Brazil GDP growth was 7.5% last year and the government estimates an optimistic 4.5% growth this year. The investment community doesn’t seem as positive though. London-based Capital Economics says “The current pattern of growth in Brazil is looking particularly unsustainable”. On the growth estimate:
“The firm has penciled in a meager 2.5-percent expansion for Brazil in 2013, believing that consumers have binged too much on credit. That is a shockingly low figure for a country that has become used to being ranked alongside China and India as the world’s hottest big emerging markets.”
Nomura’s Tony Volpon seems to agree by saying that “If you take away a strong labor market and you take away credit you basically get a different Brazil, a much lower growth Brazil”.

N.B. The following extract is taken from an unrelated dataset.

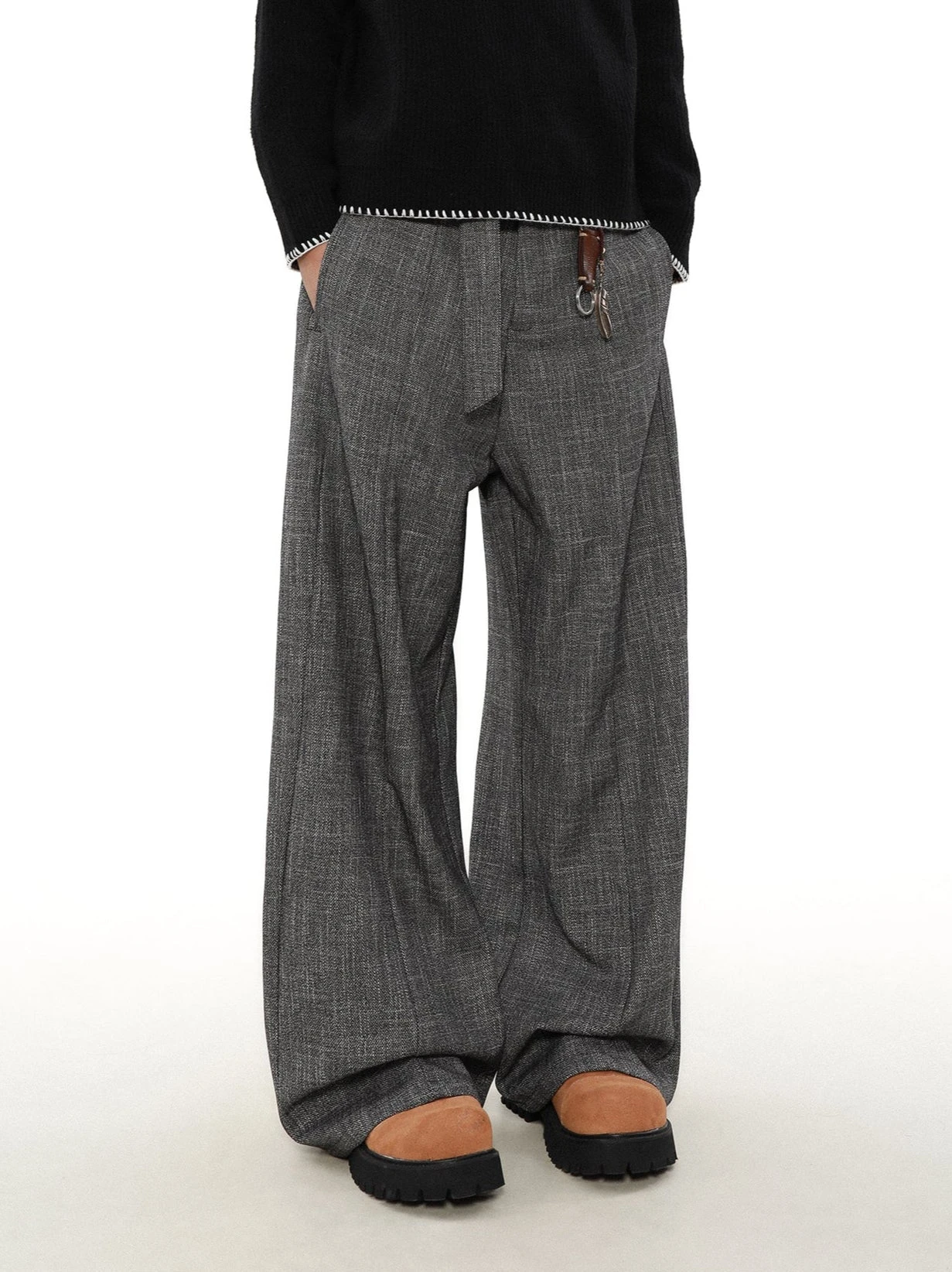 Wide Leg Textured Trousers With Strap Belt 4 Wide Leg Textured Trousers With Strap Belt - Image 4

For him, Brazil is on course to return to more “boring” rates of growth — just 3.8 percent this year and 3.7 percent in 2012 — barring deeper reforms to improve Brazil’s business environment.

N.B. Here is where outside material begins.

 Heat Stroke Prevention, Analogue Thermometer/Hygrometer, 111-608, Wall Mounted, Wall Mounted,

Volpon believes the job market may have entered bubble territory as companies chase scarce workers with higher salaries despite a gathering slowdown.
“Labour productivity is basically crashing in Brazil. Unless companies stop paying these crazy salaries … they are going to destroy their profitability,” he said.
Consumer confidence fell to a two-year low in June, according to a national industry index, and defaults on personal loans rose 22 percent in the first six months of the year, the biggest jump in nine years.
“You could argue that if the job market deteriorates a little bit those non-performing loans are going to go through the roof.”